According to DARPA, General Atomics, Blue Origin, and Lockheed Martin were selected due to their ability to develop and deploy advanced systems for reactors, propulsion, and spacecraft. “Rapid maneuver” for military systems is of particular importance, which is considered to be difficult in space using current conventional systems. NTP uses a nuclear reactor to heat propellant to extreme temperatures before expelling the propellant through a nozzle to produce thrust. Compared to conventional space propulsion technologies, NTP has a high thrust-to-weight ratio around 10,000 times greater than electric propulsion and two-to-five times greater specific impulse than chemical propulsion.

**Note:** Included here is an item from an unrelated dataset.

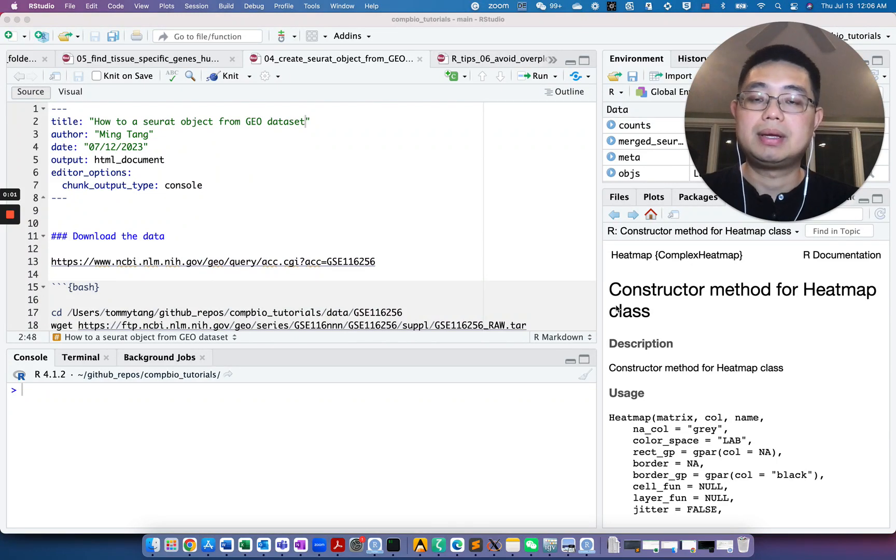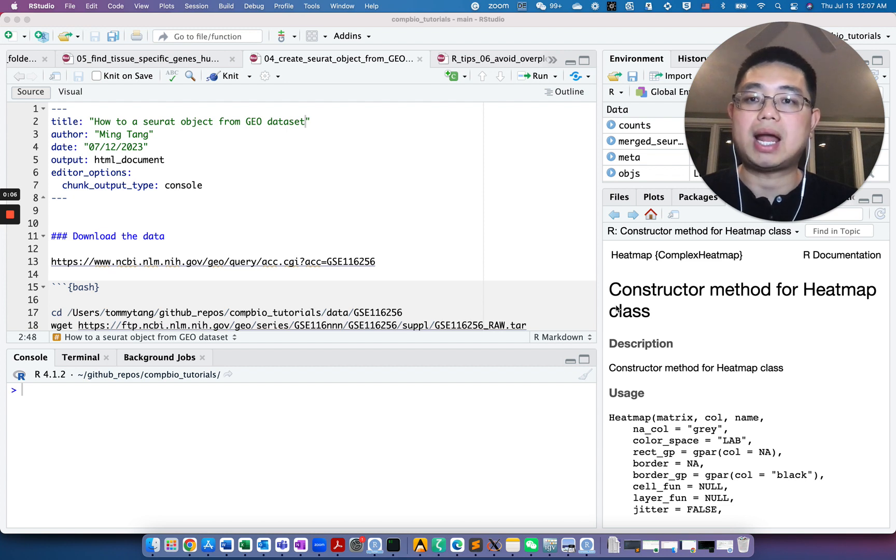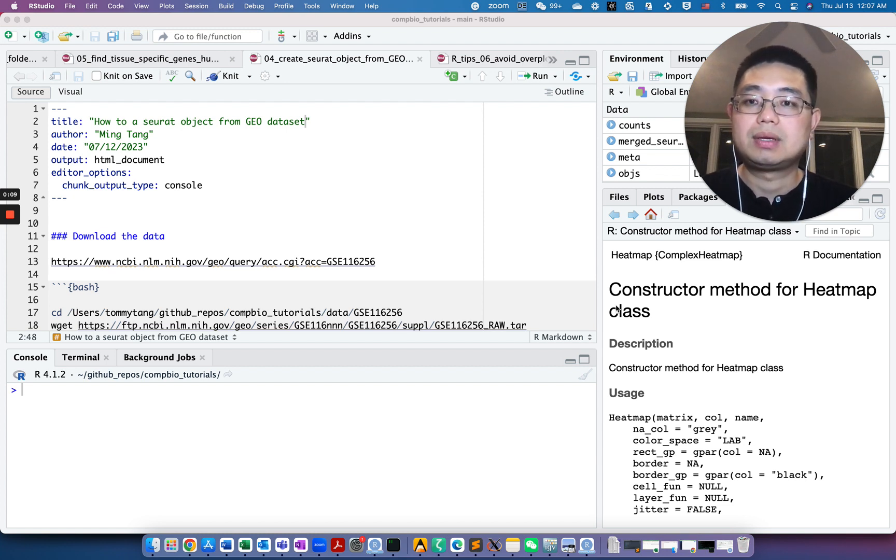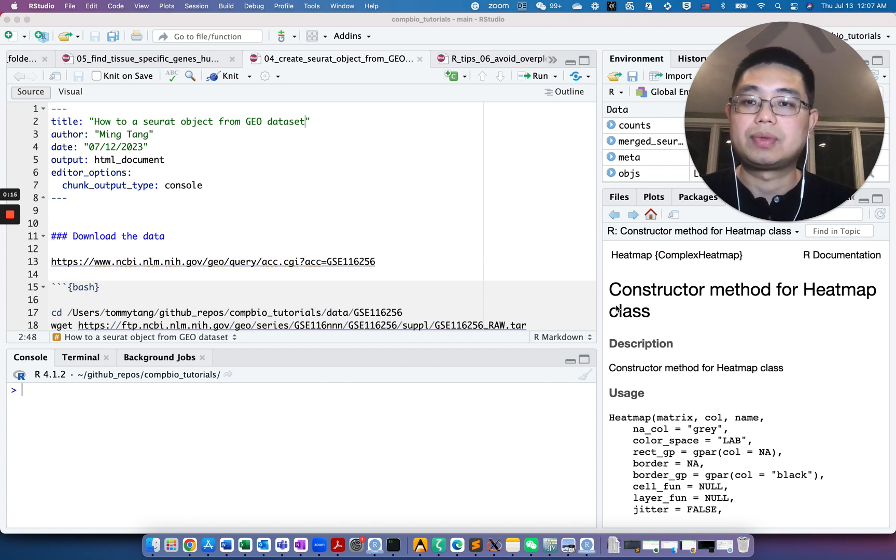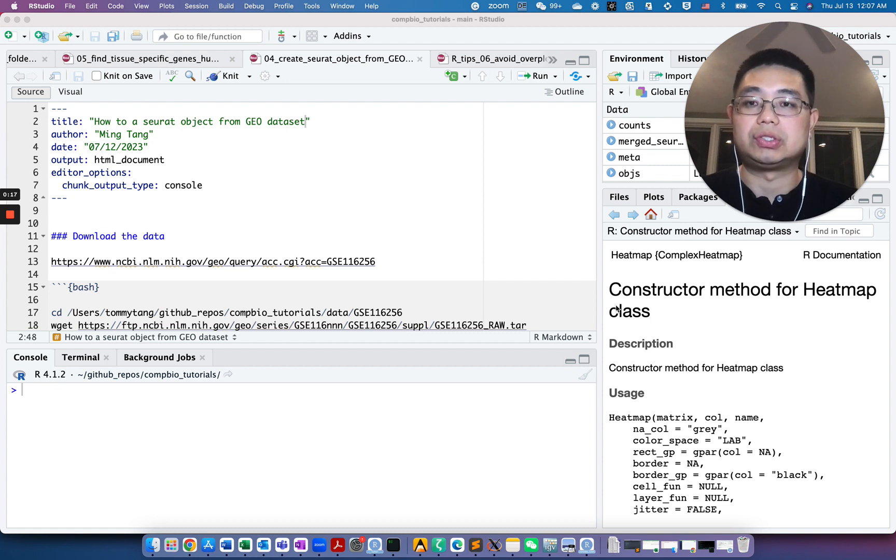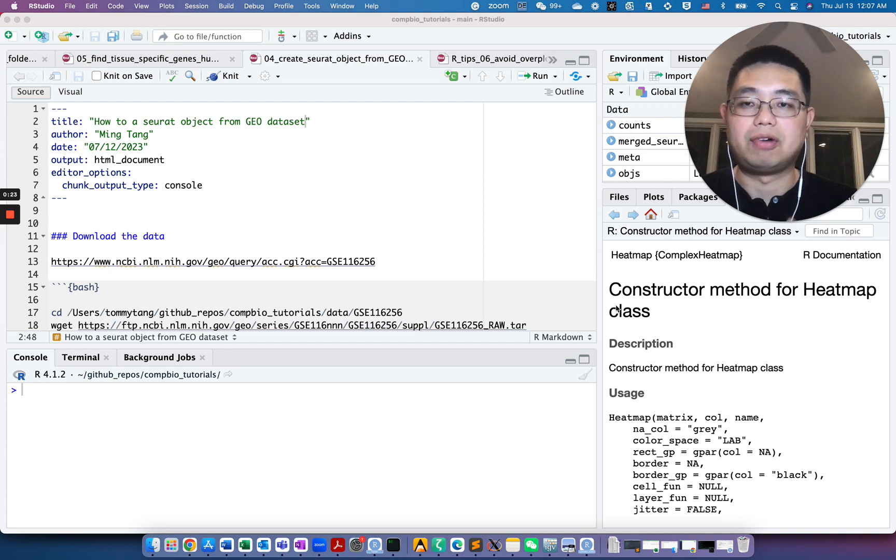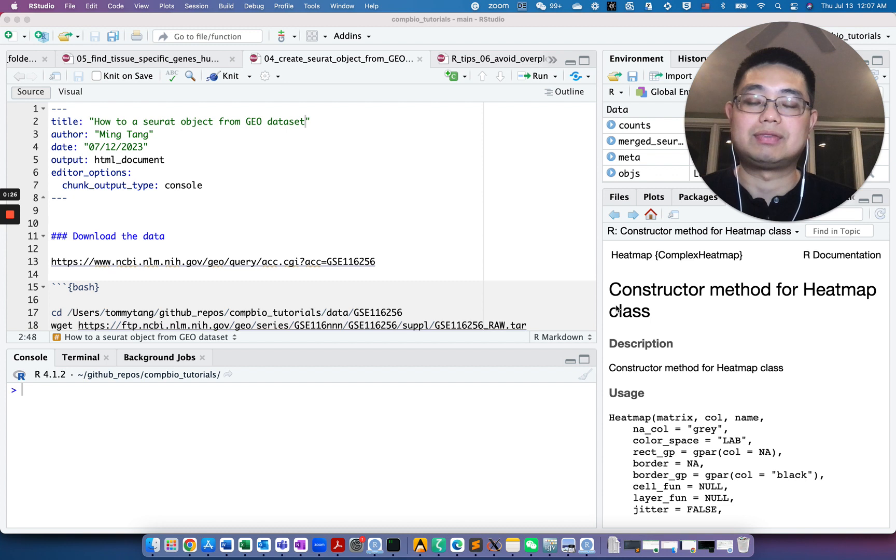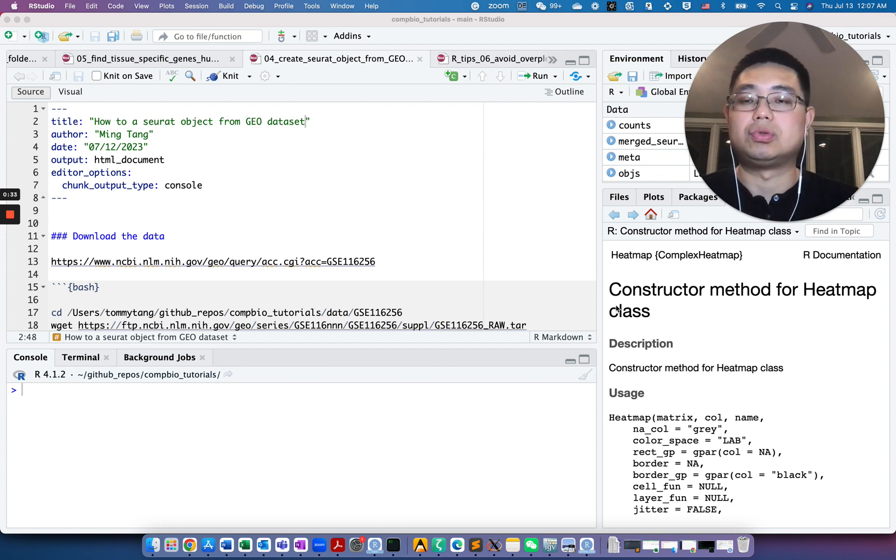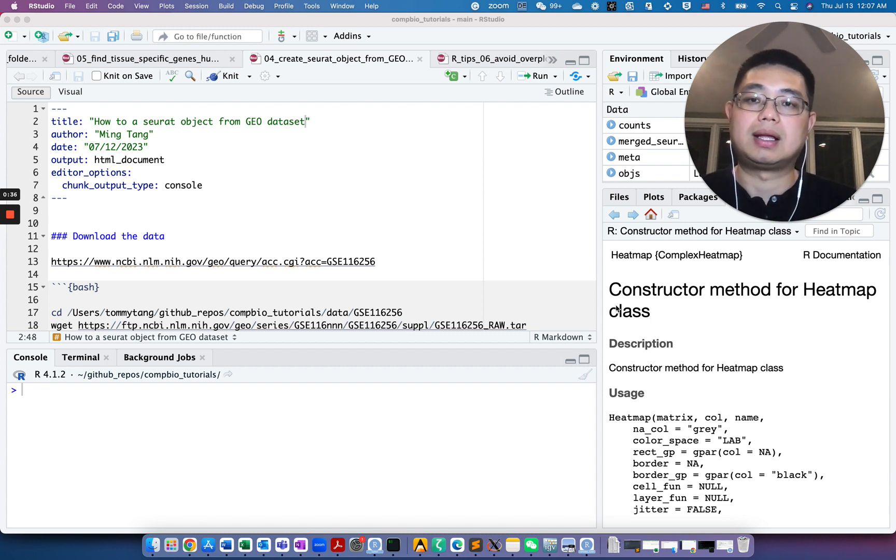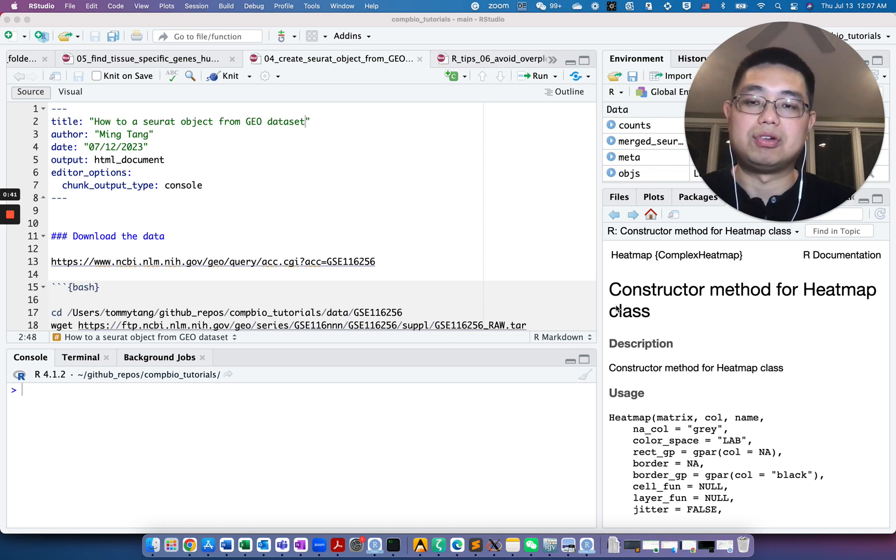Hello, this is Tommy. Welcome to Chatomics. Today I'm going to show you how to create a Seurat object from a GEO dataset. There are many publicly available single cell RNA sequencing datasets in GEO and it's a goldmine for researchers. But for beginners, many of you may be stuck at the very first step on how to read those datasets from GEO into R and convert it as a Seurat object.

“This combination would give a DRACO spacecraft greater agility to implement the Department of Defense’s core tenet of rapid maneuver in cislunar space (between the Earth and moon),” DARPA said.
Each company will pursue different paths during the first phase of the program, which will have two tracks lasting 18 months. Track A – to be performed by General Atomics – includes the preliminary design of the nuclear thermal propulsion reactor, along with the propulsion subsystem. Track B – performed independently by Blue Origin and Lockheed Martin – will design an “operational system spacecraft concept” to meet future mission objectives, including a demonstration system.
“Nuclear thermal propulsion is a transformative technology that will dramatically change the way spacecraft will operate, increasing agility and allowing more efficient travel to Mars and beyond in far less time than conventional propulsion systems,” Bill Pratt, Lockheed Martin Space’s manager of Human Exploration Advanced Programs, said in a statement to CNBC. “A lot of work was done on nuclear propulsion in previous decades and we’ll leverage that expertise as we combine it with modern digital engineering modern spacecraft design and creativity to advance this new capability.”